Through the book, Brooke is being courted by the Unicorns, and she’s too nice to tell them she’s not interested in joining. They want to give her an induction task, and Jessica decides to have her pose as a French maid during the big dinner with Ms. Harris. Brooke agrees to participate because she knows Jess needs help (and also because Liz tells her what’s really going on and she thinks it’ll be fun).

With Brooke’s knowledge of France, from spending time there with her mother, the Wakefields are on their way to seeming like they know what they’re doing. Brooke gives them clothes to wear, pretending they’re the hottest fashions in Paris. She makes Jessica wear magenta, orange, and green together. Jessica’s so excited about the dinner that she cleans the whole house.

Now for the sabotage. Alice gets Steven to undo all of Jessica’s tidying so Ms. Harris walks into a pigsty. Dinner is nouilles au fromage, which is just French for macaroni and cheese. Steven is a bratty teen all through the meal, then plays his trombone horribly upstairs. Ned shows off his latest painting, which is just a bunch of paint splotches. Dessert is supposed to be a flambé, but Alice just sets jelly donuts on fire. Brooke, using the name Brookette, helps serve, then gets to enjoy the festivities. Lucky girl.

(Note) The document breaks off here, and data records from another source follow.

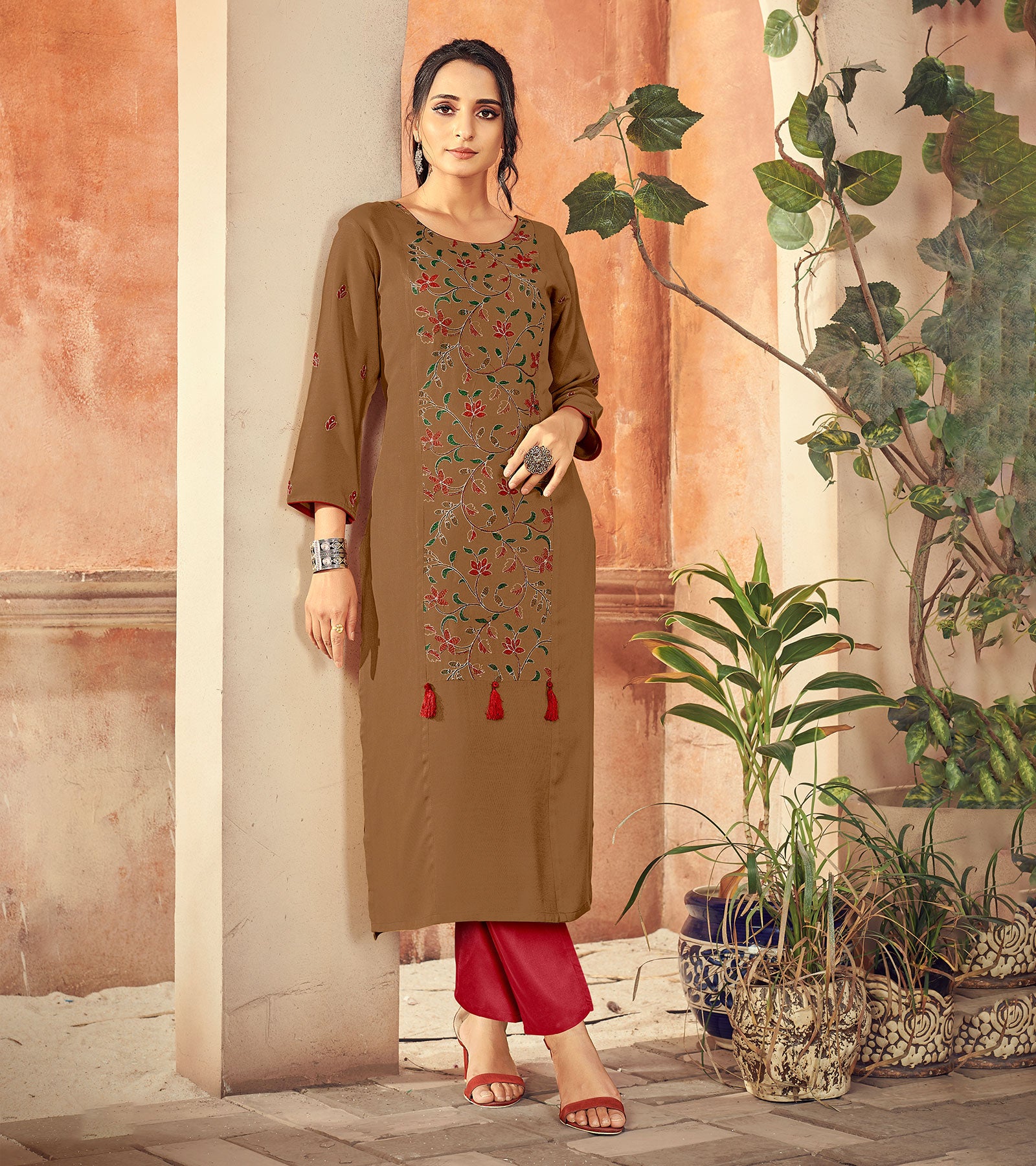 Laxmipati Rayon Moca Khakhi Straight Cut Kurti Has Round Neck Veriation , Embroidered Cufe & Different Yoke Pattern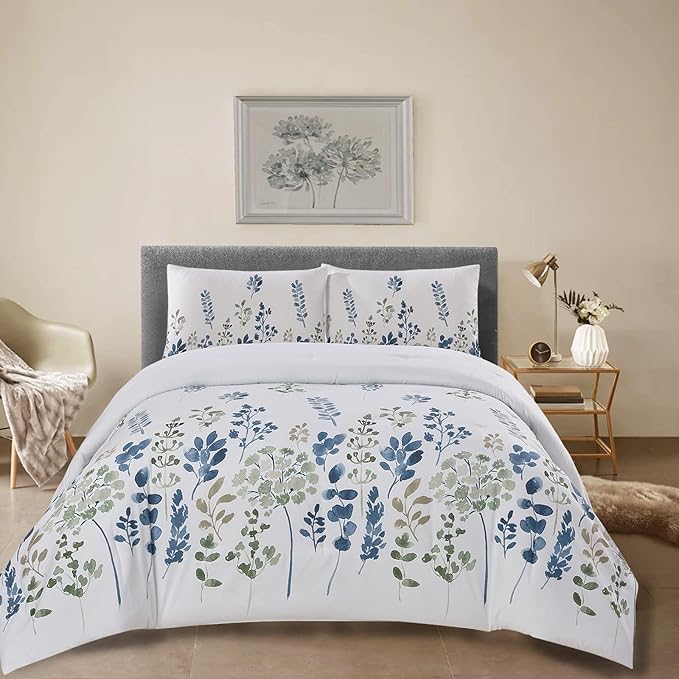 Style Quarters Duvet Cover 100% Polyester Floral Blue 3 Pieces White Duvet Cover with 1 Duvet Cover and 2 Pillow Shams(Queen)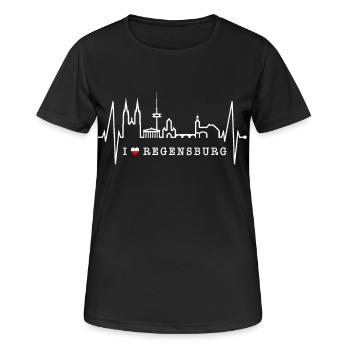 Regensburg Skyline Herzschlag Liebe Regensburger - Frauen T-Shirt atmungsaktiv - Schwarz - Vorne - AI Model Female 172 light (172cm)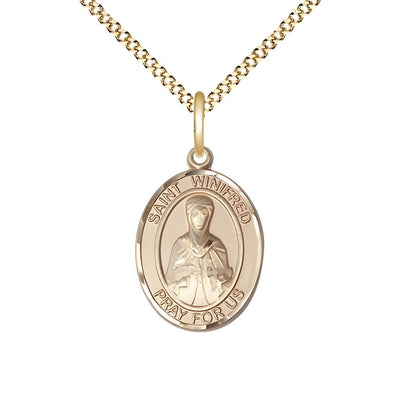 St. Winifred of Wales 14kt Gold-filled Oval Medal Pendant with Gold-plated Chain, Measures 3/4-inch tall by 1/2-inch wide, Bliss Manufacturing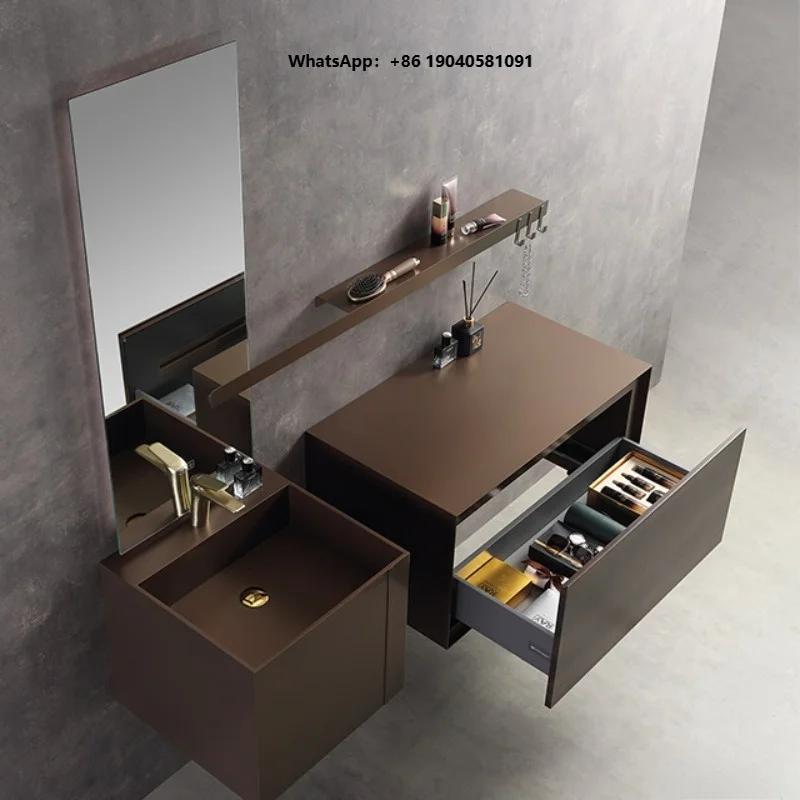 Modern Wall-Mounted Stainless Steel Bathroom Vanities Cabinets Dry Wet Separation Design Water Resistant Washbasin Copper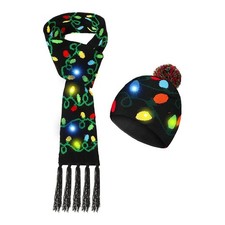 Christmas LED Beanie Hat  Scarf, Light up Hat Knitted Scarf Set Xmas Light u...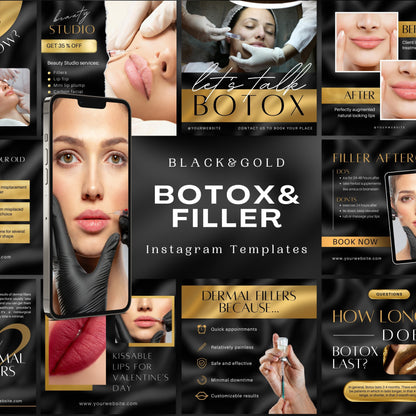 70 Gold Botox&Filler Instagram Templates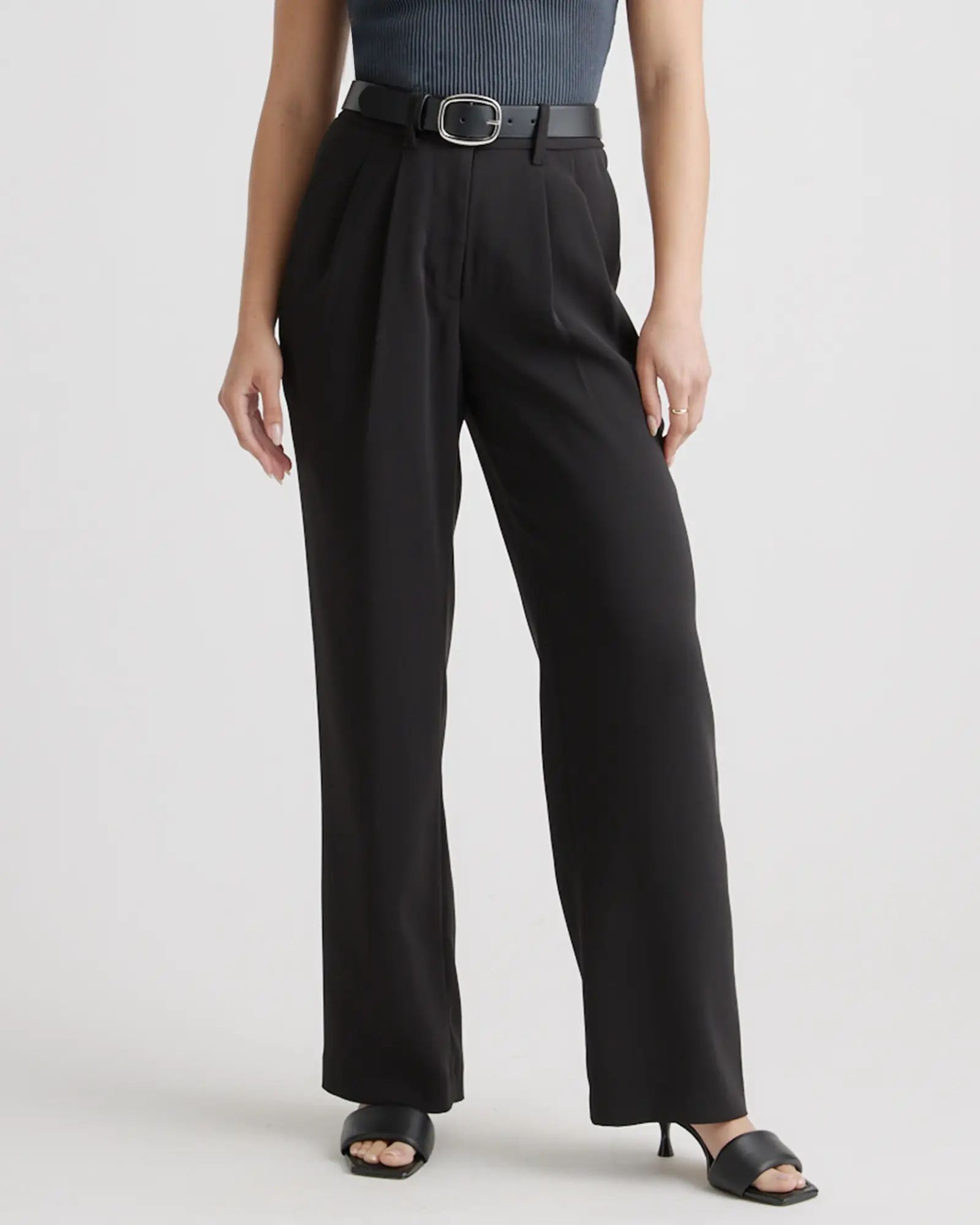 Stretch Crepe Pleated Wide Leg Pant | Quince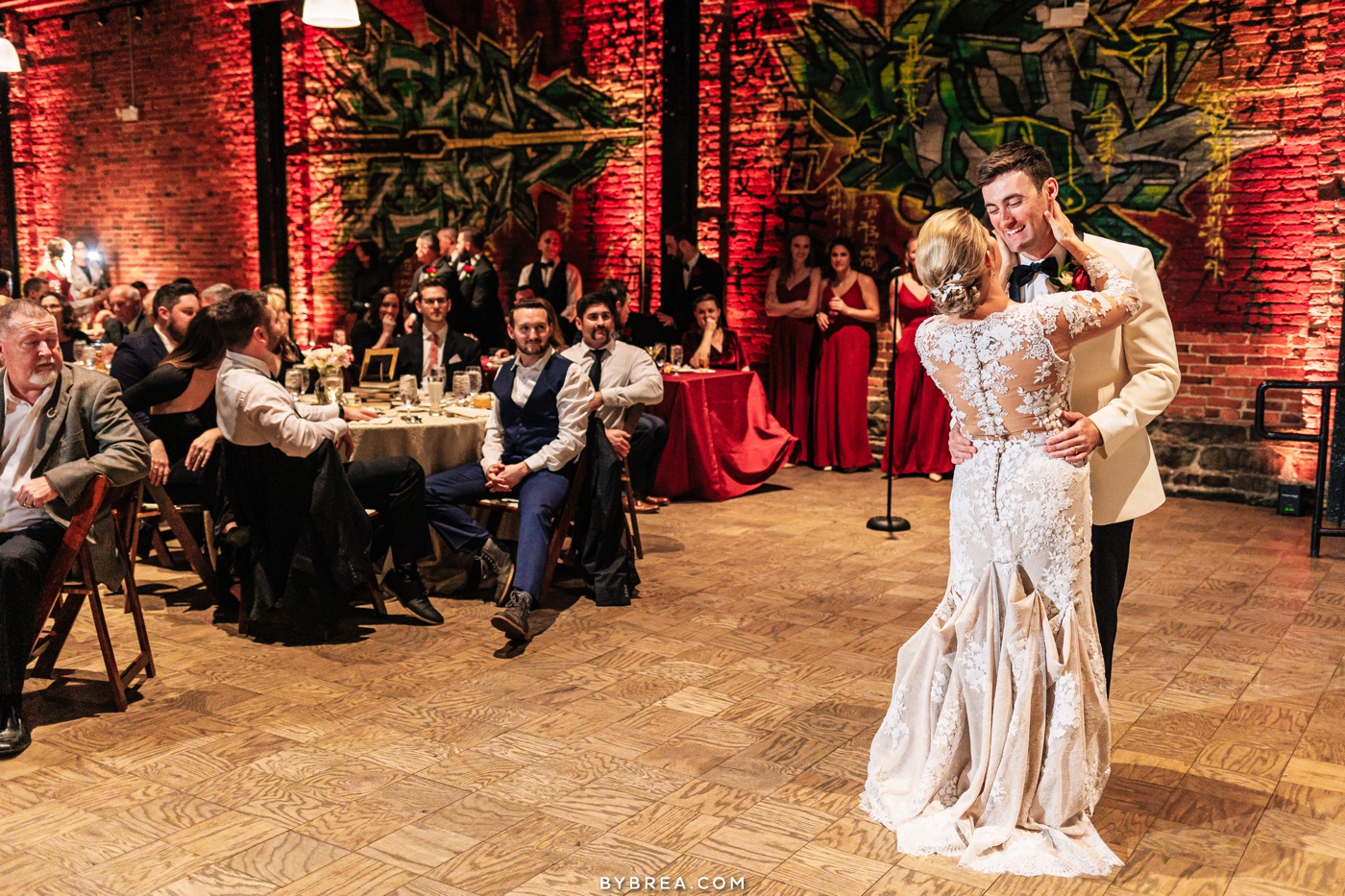 Bride and groom share their first dance at the Assembly Room in Baltimore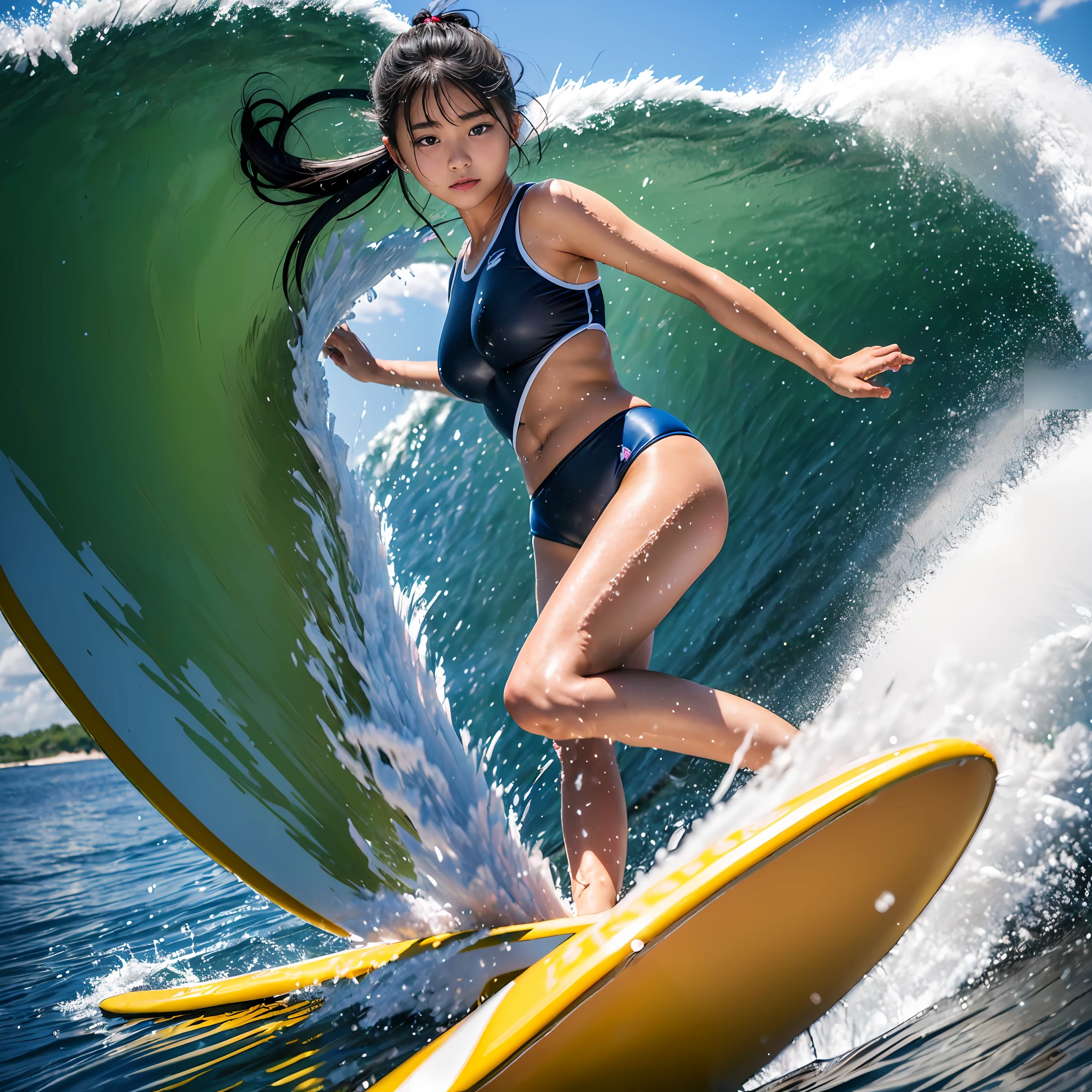 (8K、RAW Photos、top-quality、masterpiece:1.2)、(realisitic、Photorealsitic:1.37)、ultra-detailliert、超A high resolution、Attractive 17 year old Japan woman surfing、、A dark-haired、poneyTail、small tits、Wearing a school swimsuit、splash water、mare、Big waves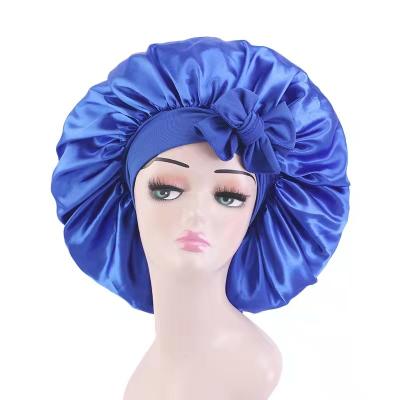 China Large Queen Satin Bonnet Image Hair Bonnet Night Silk Sleep Cap Wide Stretch Tie Band Hood For Women Curly Hair for sale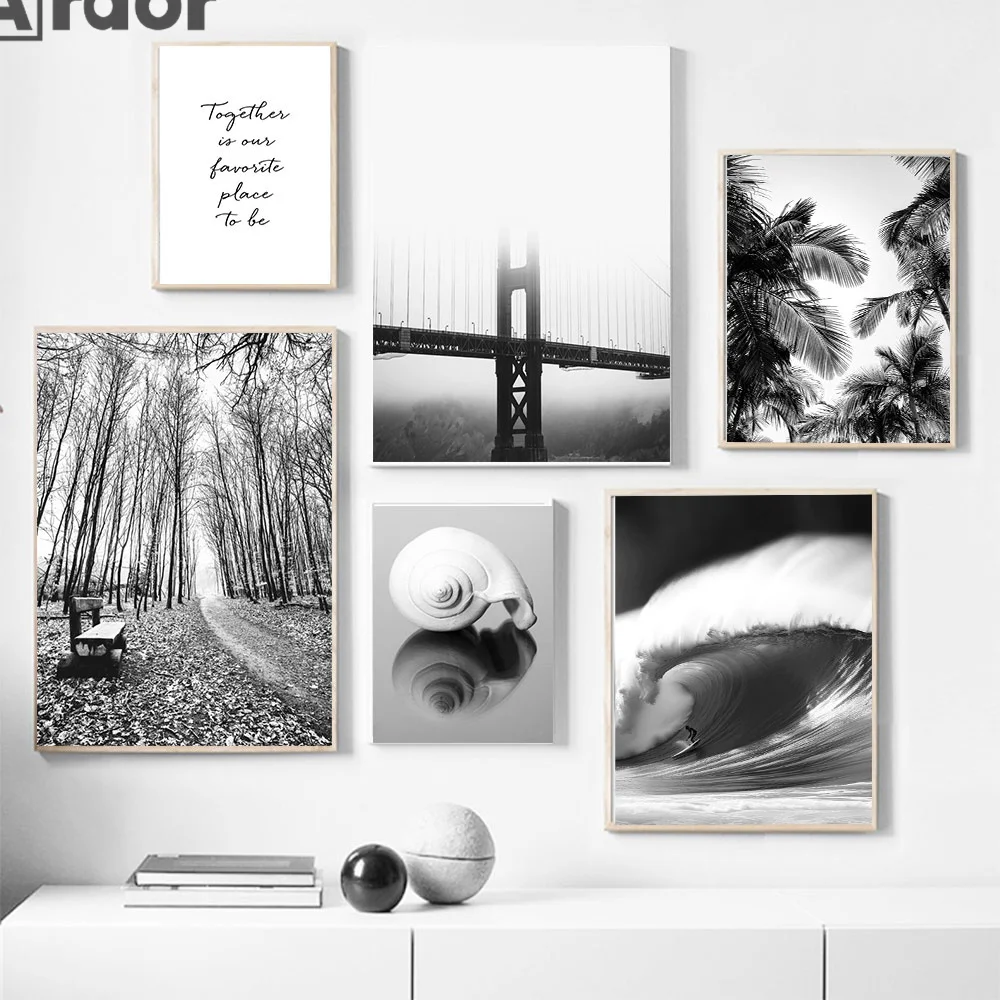 Black and White Bridge Wall Canvas Painting Nordic Posters and Prints Dead Tree Boat Snail Shell Wall Art Living Room Home Decor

Jessica finally calls a halt to everything when Alice announces she’s going to perform a dance for Ms. Harris. She comes clean about everything and learns that her family turned things around on her to teach her a lesson. Fortunately, Ms. Harris was warned ahead of time, so she doesn’t think the family’s insane. She lectures Jessica on reading the fine print before entering a contest; if she had, she would have realized that she needed to be enrolled in a French class to enter. This makes Alice wonder if Jess needs glasses, since she says the print was too small.

So Jessica doesn’t win the trip to France (she gets the consolation prize, French-language tapes – ha!), but she does get the last laugh. Lila and Ellen were supposed to show up during dinner to make sure Brooke was completing her task, but they never made it, so no one knows about Jessica’s embarrassment. Alice has been working on a project for the lead singer of Dynamo, and she’s given front-row seats to a concert. She gets Courteney Coxed and brought on stage (as if). Lila’s skybox seats suck, so Jessica finally has something better than her best friend.

Thoughts: I’m going to need an explanation of what a “French-oriented family” is. “Oriented” is so vague.

Lila’s getting a sauna. What does a 12-year-old need with a sauna?

We know that Alice and the twins do the bulk of the cooking in the Wakefield house, and Ned says in this book that he and Steven will do the after-dinner clean-up “for a change.” So Ned and Steve don’t cook or do dishes? This is the ’90s, not the ’50s, right?